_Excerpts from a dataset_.
§

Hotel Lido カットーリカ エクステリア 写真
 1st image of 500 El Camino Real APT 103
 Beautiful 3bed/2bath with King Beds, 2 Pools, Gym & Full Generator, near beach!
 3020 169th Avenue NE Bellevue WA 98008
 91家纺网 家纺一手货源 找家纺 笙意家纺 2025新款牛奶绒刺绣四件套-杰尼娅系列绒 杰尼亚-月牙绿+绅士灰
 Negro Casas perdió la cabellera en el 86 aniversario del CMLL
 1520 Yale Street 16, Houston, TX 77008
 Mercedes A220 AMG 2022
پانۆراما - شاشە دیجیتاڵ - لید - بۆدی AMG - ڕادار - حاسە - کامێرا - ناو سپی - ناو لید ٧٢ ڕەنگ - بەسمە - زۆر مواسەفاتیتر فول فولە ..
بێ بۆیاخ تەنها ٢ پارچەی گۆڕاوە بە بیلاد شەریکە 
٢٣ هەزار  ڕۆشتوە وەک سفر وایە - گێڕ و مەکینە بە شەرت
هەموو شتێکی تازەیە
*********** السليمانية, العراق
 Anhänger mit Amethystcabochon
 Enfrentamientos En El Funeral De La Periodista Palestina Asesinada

§

_Problem description_. What is needed is a faithful transcription of every entry.

_Answer space_.
Hotel Lido カットーリカ エクステリア 写真
 1st image of 500 El Camino Real APT 103
 Beautiful 3bed/2bath with King Beds, 2 Pools, Gym & Full Generator, near beach!
 3020 169th Avenue NE Bellevue WA 98008
 91家纺网 家纺一手货源 找家纺 笙意家纺 2025新款牛奶绒刺绣四件套-杰尼娅系列绒 杰尼亚-月牙绿+绅士灰
 Negro Casas perdió la cabellera en el 86 aniversario del CMLL
 1520 Yale Street 16, Houston, TX 77008
 Mercedes A220 AMG 2022
پانۆراما - شاشە دیجیتاڵ - لید - بۆدی AMG - ڕادار - حاسە - کامێرا - ناو سپی - ناو لید ٧٢ ڕەنگ - بەسمە - زۆر مواسەفاتیتر فول فولە ..
بێ بۆیاخ تەنها ٢ پارچەی گۆڕاوە بە بیلاد شەریکە 
٢٣ هەزار  ڕۆشتوە وەک سفر وایە - گێڕ و مەکینە بە شەرت
هەموو شتێکی تازەیە
*********** السليمانية, العراق
 Anhänger mit Amethystcabochon
 Enfrentamientos En El Funeral De La Periodista Palestina Asesinada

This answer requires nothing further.